I was diagnosed with epilepsy when I was twenty-five. It was a terrible time. For most of it I was frightened, uncertain, even bewildered. The symptoms I had didn't initially present as something immediately comprehensible. They didn't look like classic, clear-cut seizures. Neurologists would argue over my bedside. Over the course of a year I got like seven different diagnoses including schizoprehenia and narcolepsy.
Over the course of that Odyssean journey, I interacted with many different doctors. Many different neurologists, to be specific. Most of them were all the same. Arrogant, focused, dismissive. In their offices I rarely felt like a human being. Many of them even radiated anger at me, as I sat on the tissue paper that lined their office patient beds.
Listen to what happened to me once with a doctor at the Mayo Clinic.

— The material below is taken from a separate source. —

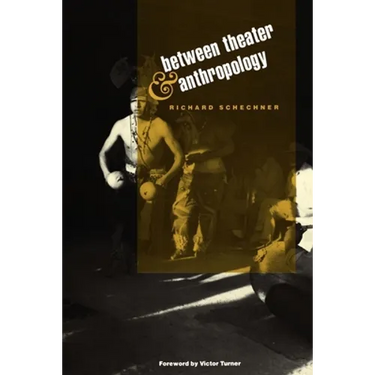 Between Theater and Anthropology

In his office during my intake appointment, I described to him having hallucinated a fractal pattern across my entire visual field — seeing that thing was wild, neon pastel psychedelic colors with a single black dot in the exact center, all overlaid onto my normal vision — while standing in line waiting for a table at a restaurant.
"You were waiting for a table?" he said.
"Yes," I answered.
"You were just drunk," he said. There was that anger in his voice. Contempt, too. I stared at him in confusion. I'd been perfectly sober at the time of that hallucination experience. No drugs, either. But he took my silence as acquiescence.
"This appointment is over," he said. He ushered me to the door.
It took me a long time to understand that tone. Eventually I realized that that doctor's anger and contempt were secondary emotions. The primary emotion was anxiety in the face of uncertainty. My symptoms didn't fit.
The education of an American doctor is a marathon. To survive to the finish line, a human being must become an intellectual athlete of prodigious proportions. A person becomes a steely machine of correct answers. It's a triumph. From kindergarten through medical school, American doctors learn to take in a firehose of information and spit it back out in the form of correct answers. Everything in their world is about getting themselves to the point where they can produce correct answers.
And then one day, in their office, at what ought be the height of their triumph — they've made it! They're a doctor now! — I sit down. The tissue paper crinkles. I begin to speak. Suddenly there's no rubric. There's no clear cut way to get an A. That's not what American doctors signed up for. That's when the anger comes.